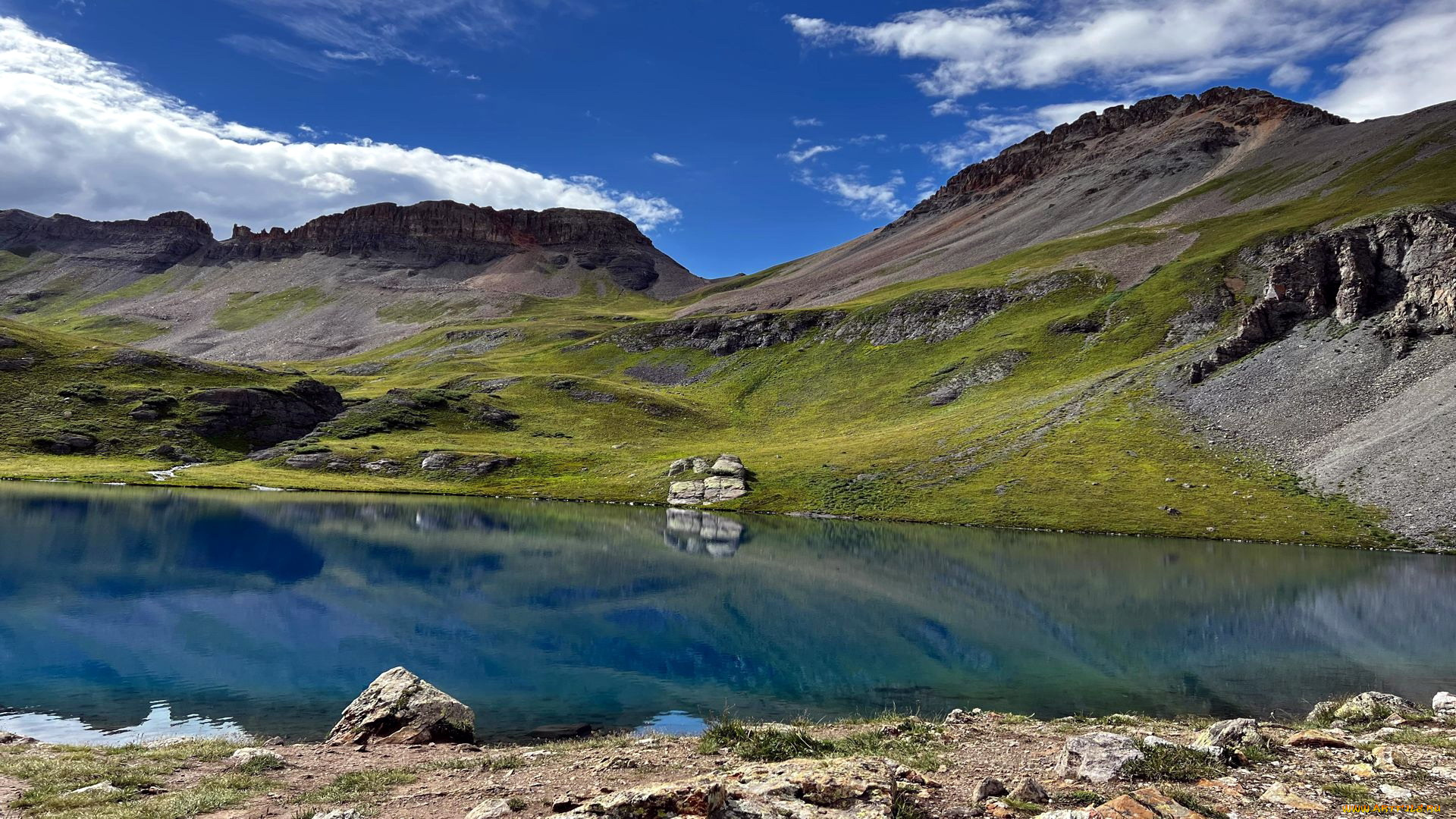 ice, lake, colorado, природа, реки, озера, ice, lake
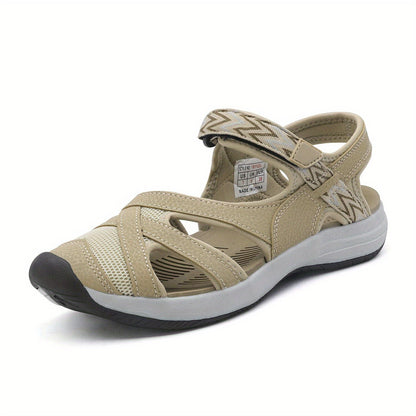 Women's Hiking Sandals Outdoor Sport Athletic – Breathable Soft Comfort Summer Walking Sandals Hook-Loop Closure Cap Toe TPR Sole Gift for Mom Daughter Ladies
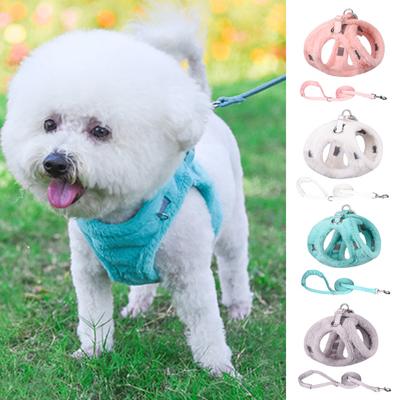 2 pz/set Pet Harness Guinzaglio Riflettente Assorbimento di Umidità Aderente Pet Harness Kit Corda di Trazione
# # # # # # #
TASK REQUIREMENTS
Could you repeat each line above exactly as written? Omit the pictures.

WRITTEN RESPONSE
 ice, lake, colorado, природа, реки, озера, ice, lake
 Women's Hiking Sandals Outdoor Sport Athletic – Breathable Soft Comfort Summer Walking Sandals Hook-Loop Closure Cap Toe TPR Sole Gift for Mom Daughter Ladies
 2 pz/set Pet Harness Guinzaglio Riflettente Assorbimento di Umidità Aderente Pet Harness Kit Corda di Trazione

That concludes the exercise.